[Data for this exercise]

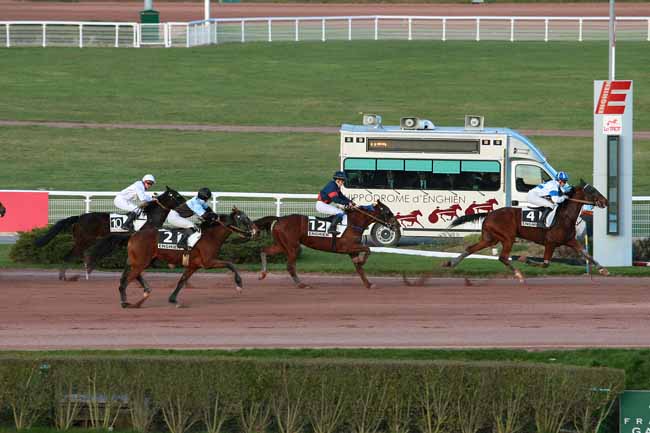 Photo d'arrivée de la course pmu PRIX DE CHAVILLE à ENGHIEN le Lundi 29 février 2016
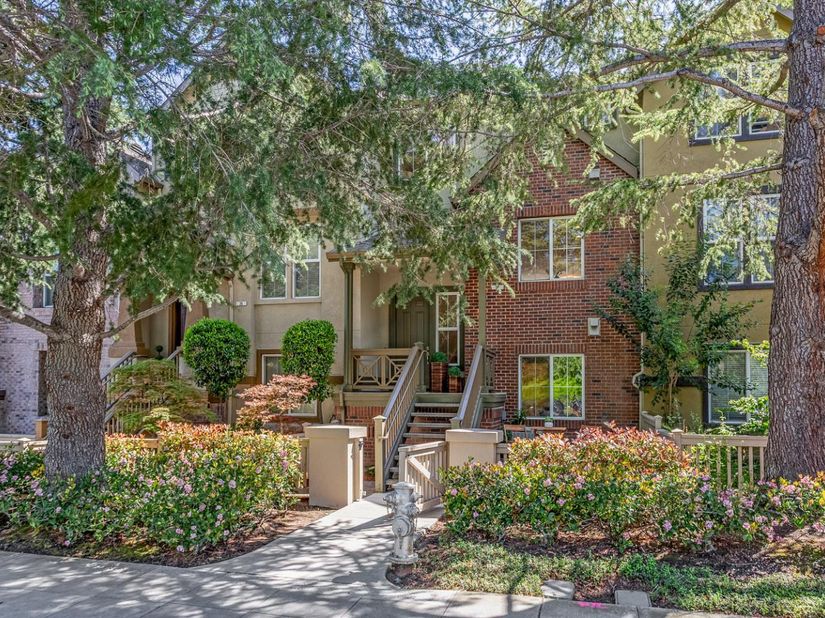 30 Royal Oak Court, Mountain View CA 94040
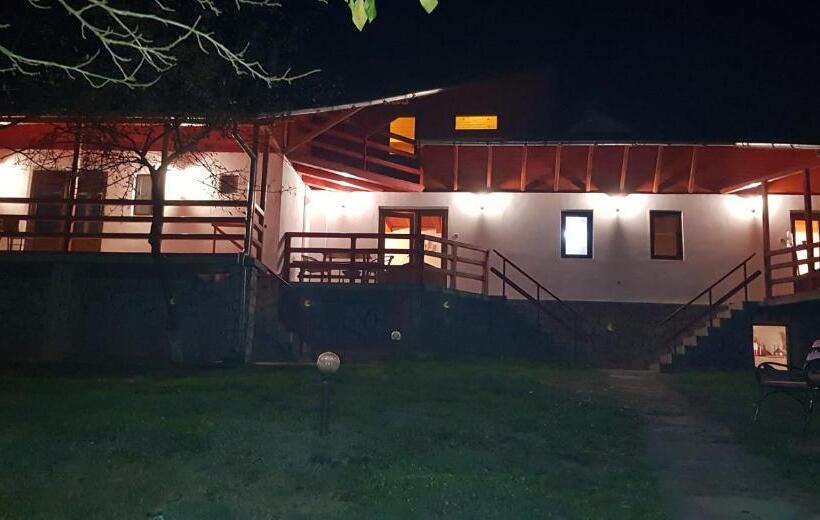 ‫فيلا غرفة نوم واحدة مطلة على الحديقة, Casa Bordei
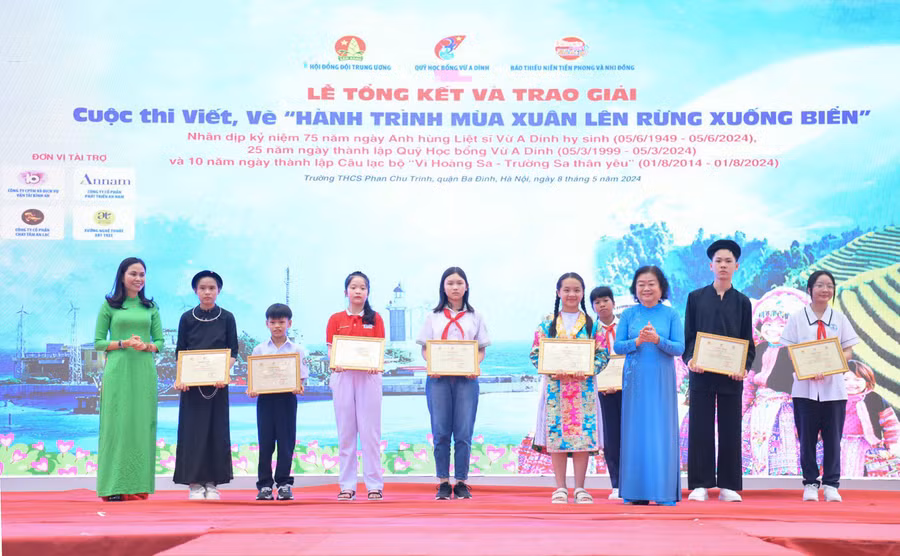 Bà Trương Mỹ Hoa và bà Lê Thị Hà - Giám đốc Công ty Cổ phẩn và phát triển An Nam trao giải Viết cho các bạn học sinh đoạt giải.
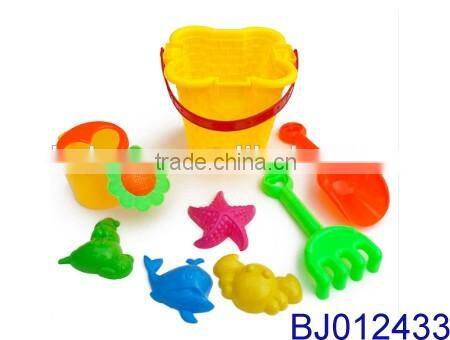 Beach Toys Deluxe Playset for Kids plastic bucket sand shovel set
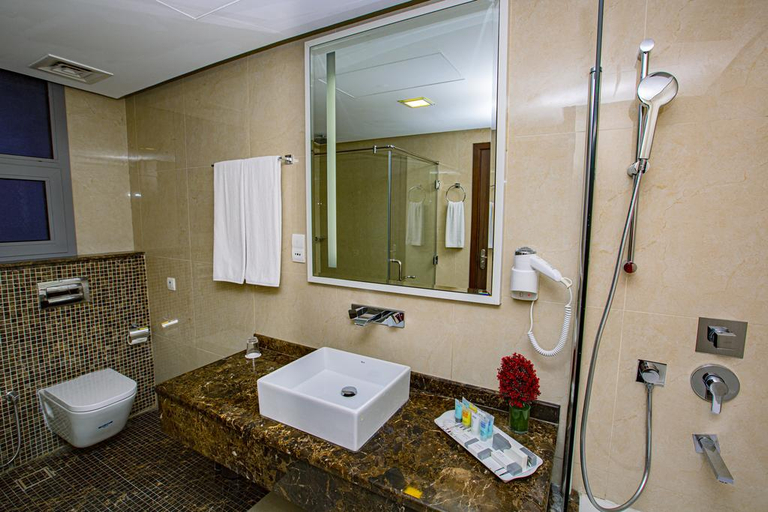 Bathroom 5, THE BRISTOL INN HOTEL, Dubai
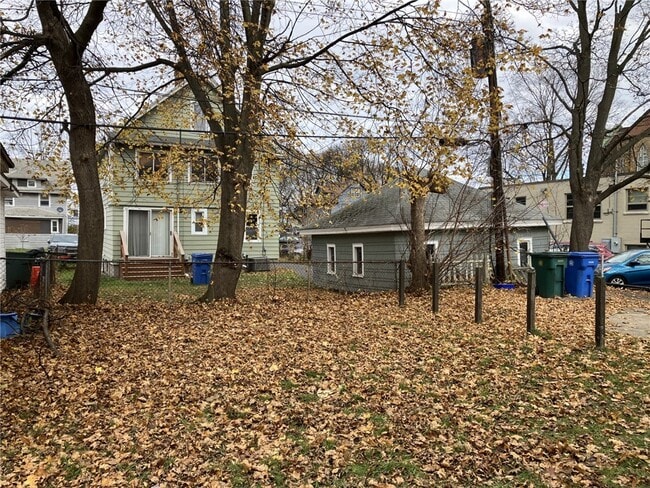 Building Photo - 104 Knickerbocker Ave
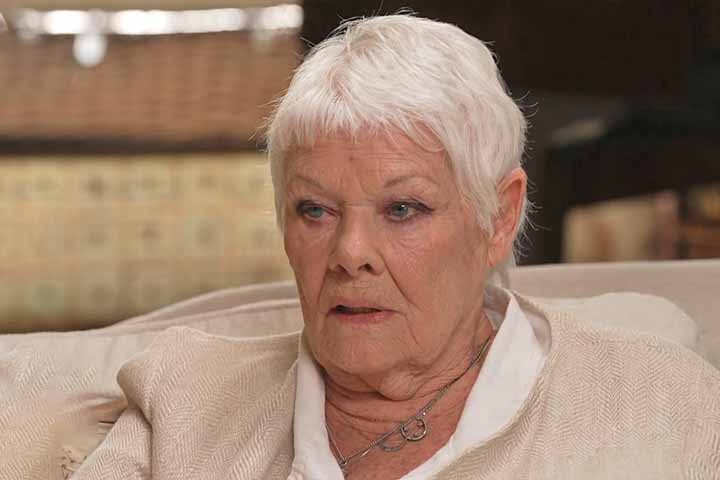 Judi Dench - Degeneração macular, perda de visão no centro do campo visual - Reprodução de vídeo CBS NEWS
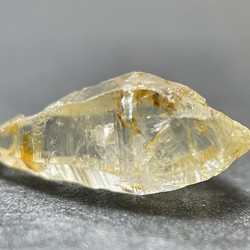 サファイアクリスタル 原石 サファイアコランダム7.53カラット ガラスボディイエローサファイア 天然原石（スリランカ）-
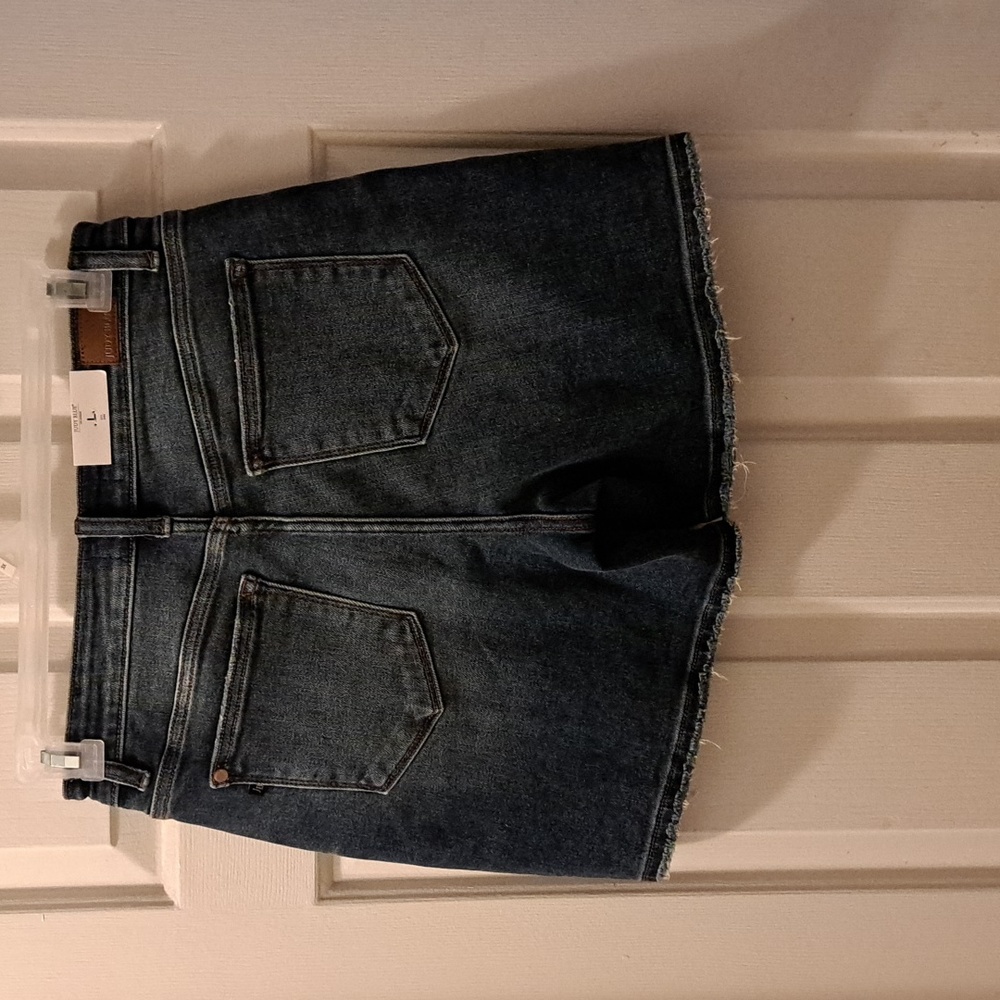 Judy Blue Mid Thigh length shorts - Picture 8 of 13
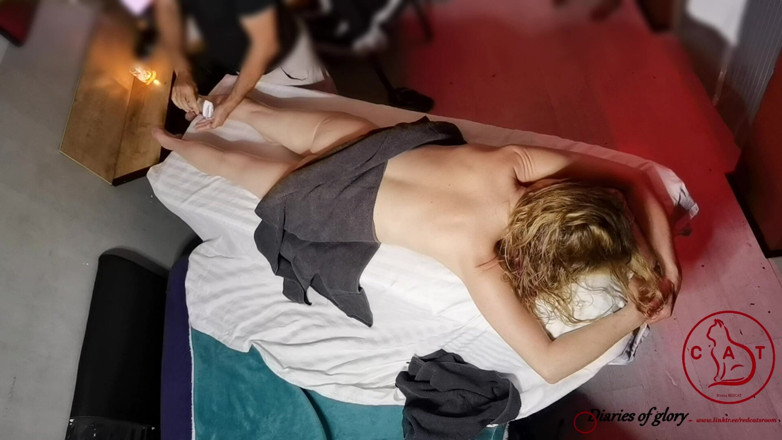 Redcatsroom: Seni aldatan sürtüğün masajının üstünü örttüm! Cilt 1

[/Data for this exercise]

◆ **Exercise**: There should be an exact restatement of the lines from the line with "Beach Toys Deluxe" through the last line of the entries above, and no pictures in it.

◆ **Finished exercise**:
 Beach Toys Deluxe Playset for Kids plastic bucket sand shovel set
 Bathroom 5, THE BRISTOL INN HOTEL, Dubai
 Building Photo - 104 Knickerbocker Ave
 Judi Dench - Degeneração macular, perda de visão no centro do campo visual - Reprodução de vídeo CBS NEWS
 サファイアクリスタル 原石 サファイアコランダム7.53カラット ガラスボディイエローサファイア 天然原石（スリランカ）-
 Judy Blue Mid Thigh length shorts - Picture 8 of 13
 Redcatsroom: Seni aldatan sürtüğün masajının üstünü örttüm! Cilt 1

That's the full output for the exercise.